Scalloped Potato & Smoked Fish Pot
Prep: 20 mins Cooking: 1 hour
This recipe is perfect for a last-minute dinner party, utilising a simple list of ingredients, some of which - like potatoes, garlic and lettuce - you may already have. The Le Creuset 3-ply Stainless Steel 28cm Sautéuse is the perfect pan for the job. The wide interior gives a large surface area for one-layer cooking and allows the potatoes to brown perfectly both on the base and on top while in the oven.
- A glug of olive oil
- 2kg potatoes, parboiled for 15 minutes with skins on
- 2 large leeks (about 200g), finely sliced
- ½ small lettuce (about 100g), roughly sliced (optional)

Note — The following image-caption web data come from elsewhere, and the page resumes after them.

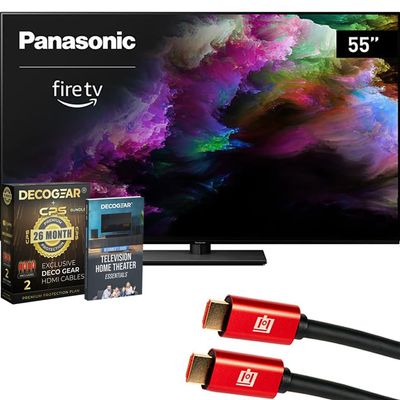 Panasonic TV-55Z85AP Z85 55 inch OLED 4K UHD Smart Fire TV (2024) Bundle with CPS Exclusive 26 Month Protection, 2X 4K HDMI Cable & Deco Gear Complete Home Theater Beginner's Guidebook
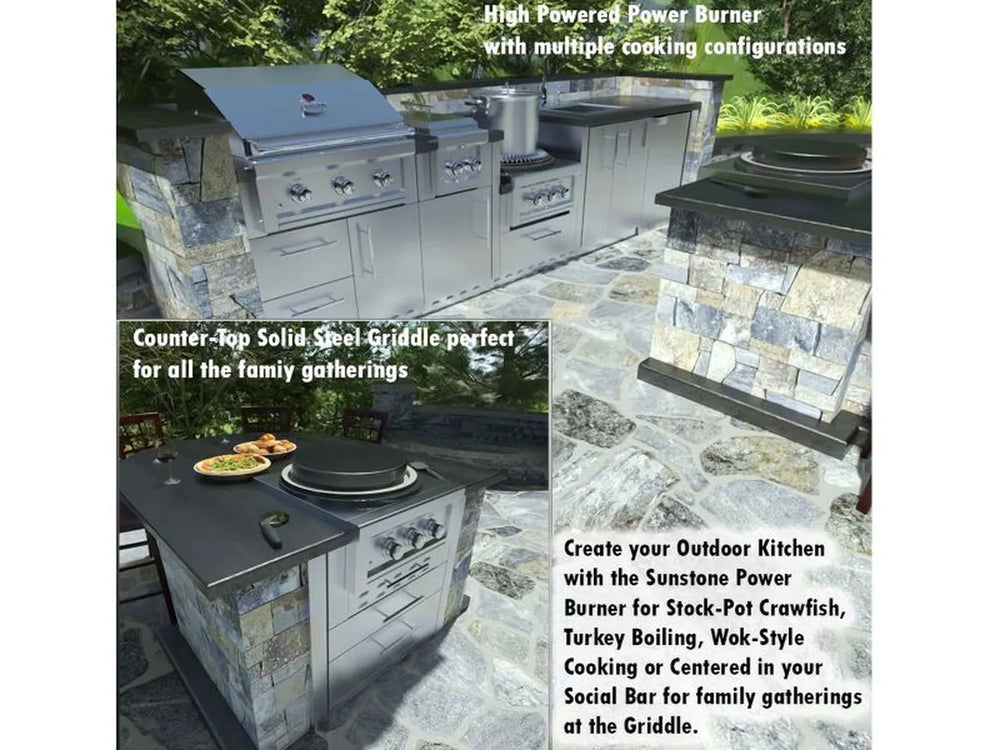Sunstone SUN24PCB outdoor kitchen island installation with built-in gas power burner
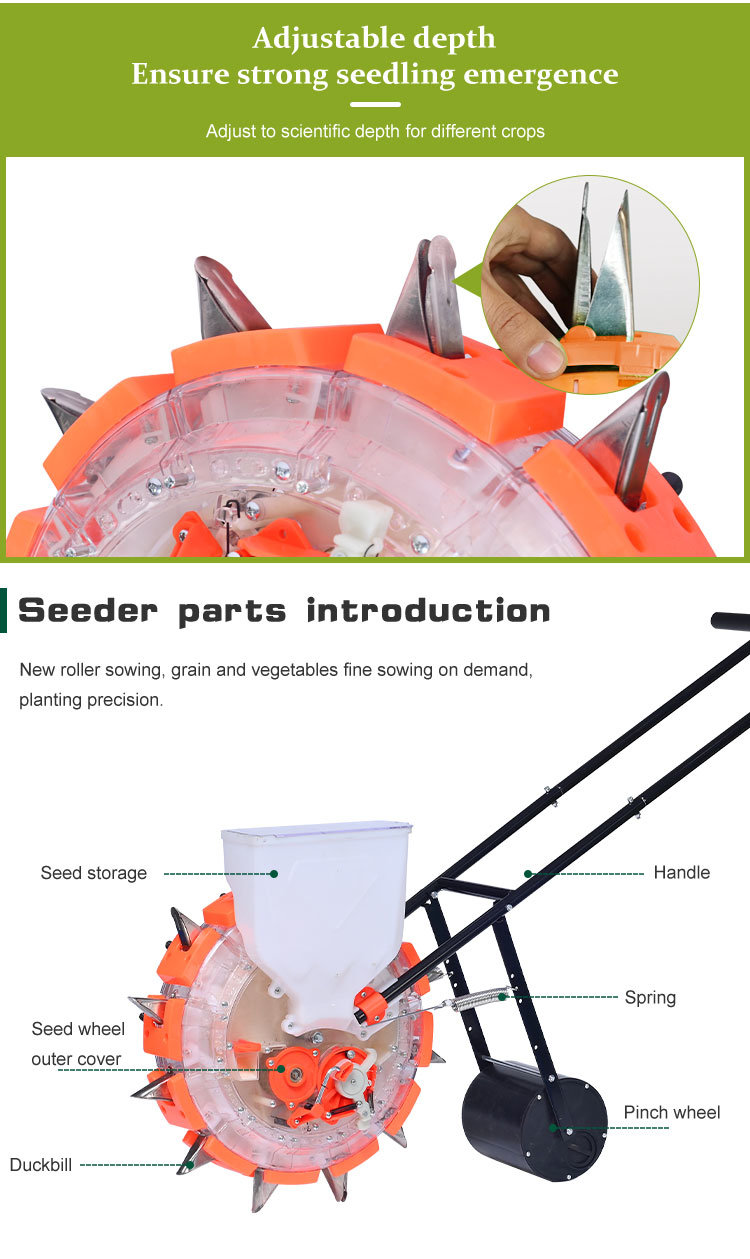 Multi Functional Mini Corn Seeder Drum يدفع اليدين بذرة اليدوي آلات زارع الذرة بذور مع الأسمدة 
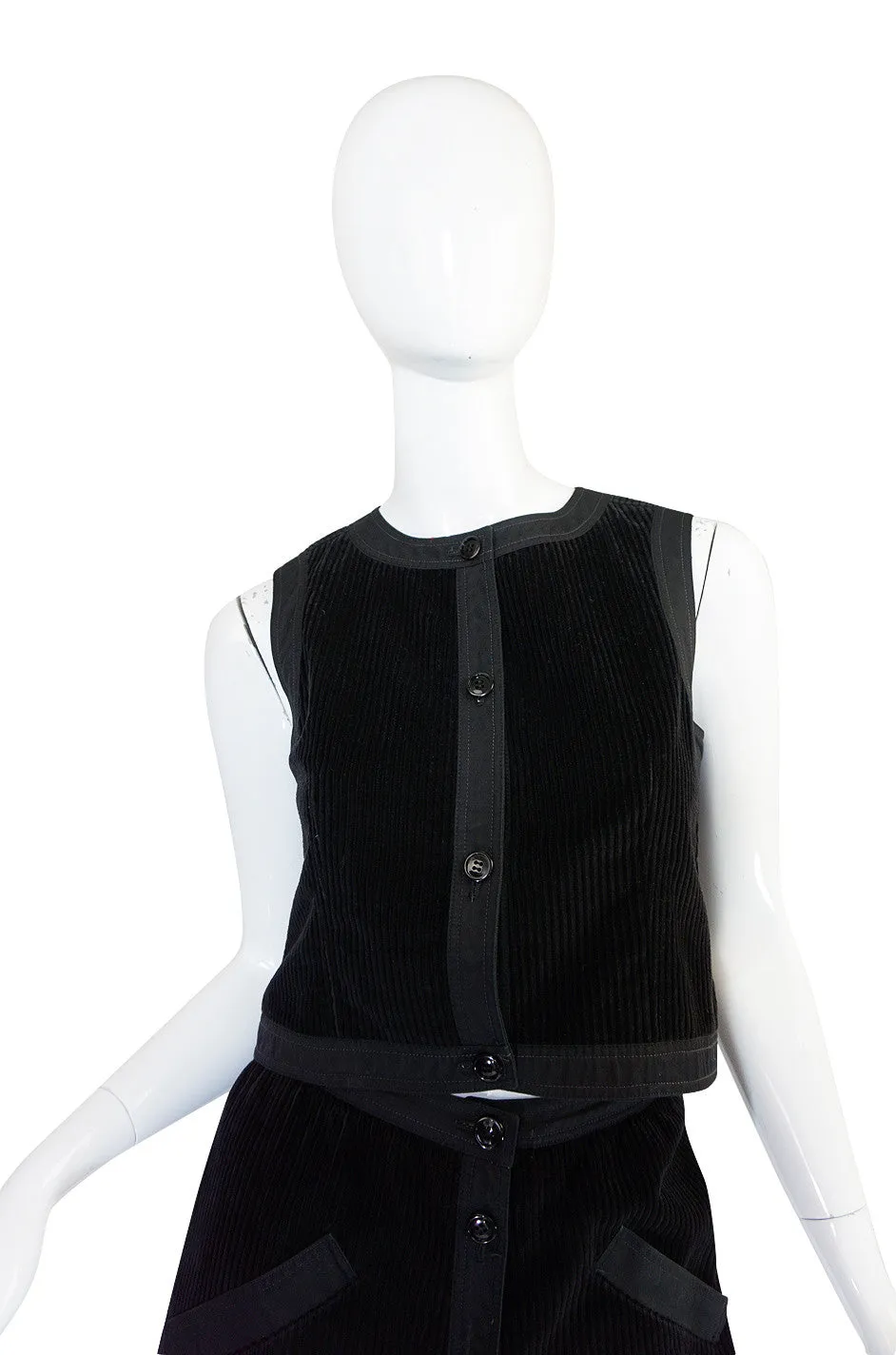 1960s Andre Courreges Black Courduroy Vest & Skirt Set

- 3 large cloves garlic, roughly chopped
- 8 sprigs thyme, leaves picked
- 400ml whole milk
- 350ml double cream
- 500g smoked or white fish (ideally MSC certified), cut into 3cm cubes
- Lettuce to serve, dressed with lemon and olive oil
- Preheat oven 200˚C/ Gas Mark 6
- Place the 28cm Sautéuse on a medium heat and drizzle with a generous glug of olive oil. When hot add the sliced leeks, lettuce and a pinch of salt, gently fry with the lid on, stirring occasionally for 5 minutes or until the leeks brighten and begin to soften.
- Meanwhile slice the parboiled potatoes into 3-4mm thick slices.
- Next add the garlic and thyme leaves to the leeks and fry for a further minute.
- Pour the milk, cream, fish and potatoes into a large mixing bowl, add the leek mixture and season generously with salt and pepper. Stir together, being careful not to break up the potatoes, taste and adjust the seasoning if required. Pour the potato mixture back into the Sautéuse, flatten out the mixture and place in the oven without the lid for 30 to 40 minutes, or until golden on top. Take to the table and serve straight from the pan.
- Serve with a big green salad on the side.
- Use the whole leek, including the green tops! They add a depth of flavour to the dish and save unnecessary waste.
- If you have any leftover ham to use up, add up to 100g at the same time as the garlic and thyme.